- Directed by: Shankar Raj
- Written by: Shashank
- Produced by: Guru Deshpande
- Starring: Ajay Rao Rachita Ram
- Cinematography: Sri Crazymindzz
- Edited by: Sri Crazymindzz
- Music by: Manikanth Kadri
- Production companies: G Cinemas Guru Deshpande Production
- Release date: 31 December 2021;
- Country: India
- Language: Kannada

= Love You Rachchu =

Love You Rachchu is a 2021 Indian Kannada-language romantic thriller film directed by Shankar Raj. The movie stars Ajay Rao and Rachita Ram in the lead roles. The Music composed by Manikanth Kadri while the film is produced by Guru Deshpande under G Cinemas banner.

== Plot ==
Ajay and Rachu are happily married couple. Ajay had seen Rachu while working with her father in their family nursery and fell in love with her. He comes to her home and talks to her father about the marriage proposal, for which her father happily agrees seeing Ajay's background. Ajay had to go to Mumbai for a business trip and is returning on the day before Rachu's birthday. As it's her first birthday after their marriage, he has planned romantic getaway to a resort in Mudigere.

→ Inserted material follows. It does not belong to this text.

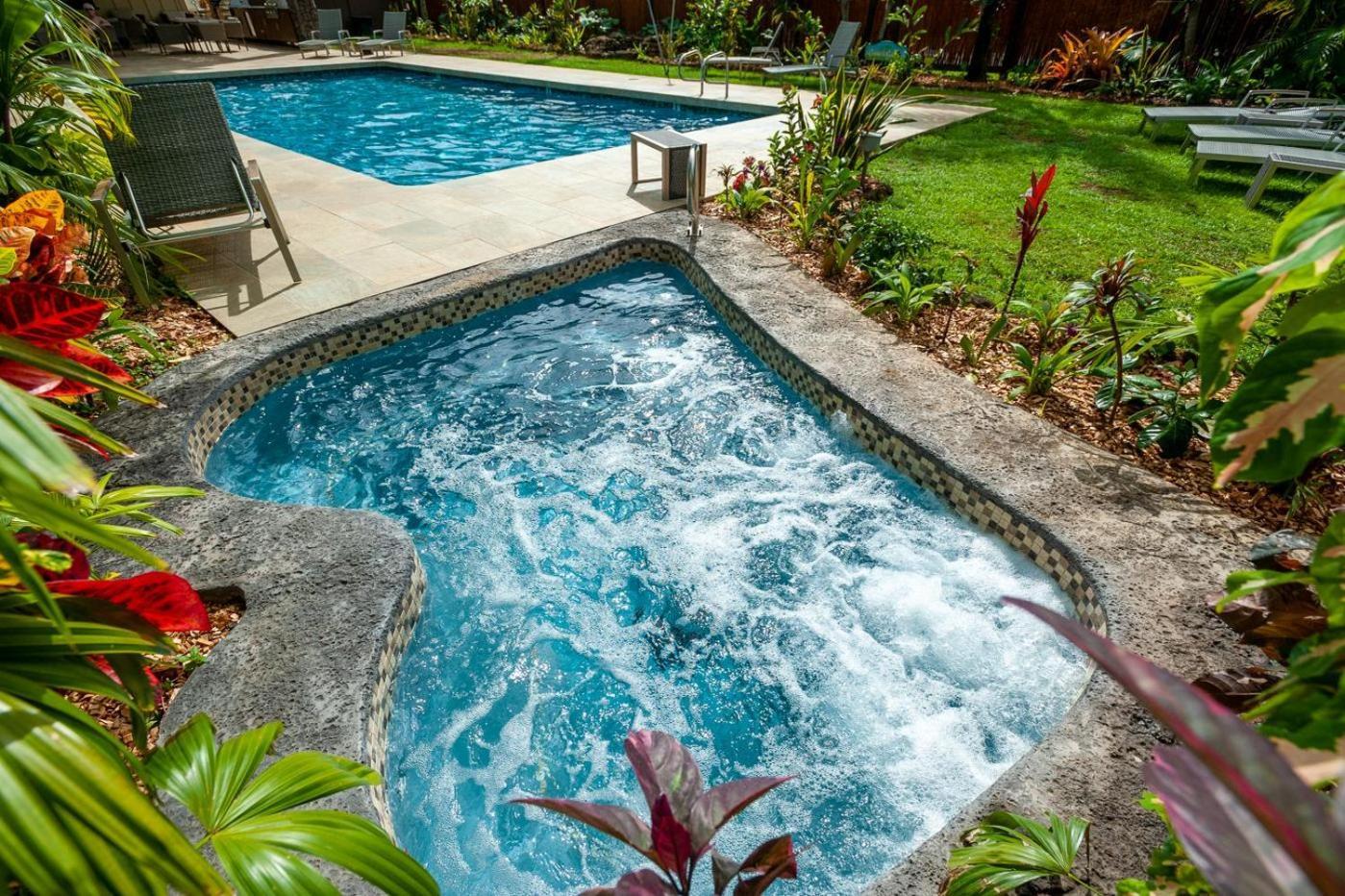 Hanalei Colony Resort J3 Екстер'єр фото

His driver Kumar was supposed to pick him up at the airport, but both Rachu's and Kumar's phone are unreachable. After coming back home, he finds Kumar dead, murdered by his wife, seemingly due to self defence. He hatches a plan that instead of going to police, they will dispose the body and goes to resort as planned, so that no one doubts them.

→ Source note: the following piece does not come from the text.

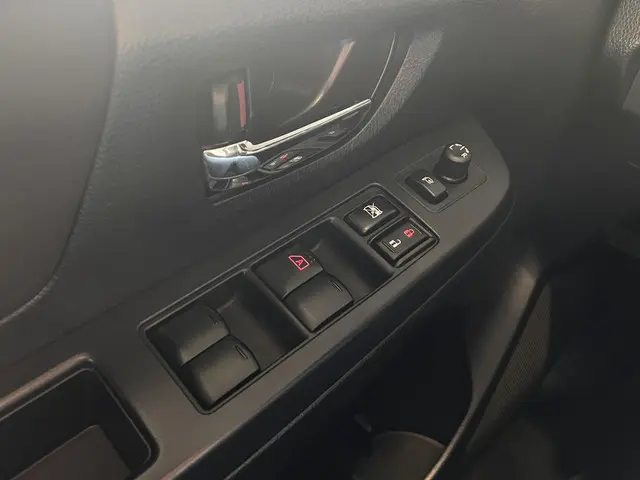Subaru XV 2.0i Luxury AWD 2014 Benzine 28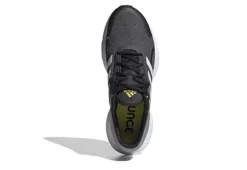 Adidas Mens Response Solar Running Shoe - Dark Grey 9 Adidas Mens Response Solar Running Shoe - Dark Grey -Outlet Step In Style Store US 01 600848 02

They even go to driver's house and talk with his wife, so that his wife doesn't suspect them about her husband disappearance. With lot of hurdles they reach Chikmagalur, only to be blackmailed by an unknown caller for 25lakh rupees. Ajay somehow arranges the money and puts the money in drop location asked by the blackmailer. He drives away from the spot, only to go back and fight the blackmailer to know who he is. In the ensuing fight, blackmailer is killed, and Ajay takes his phone and belongings and they both escape from the spot.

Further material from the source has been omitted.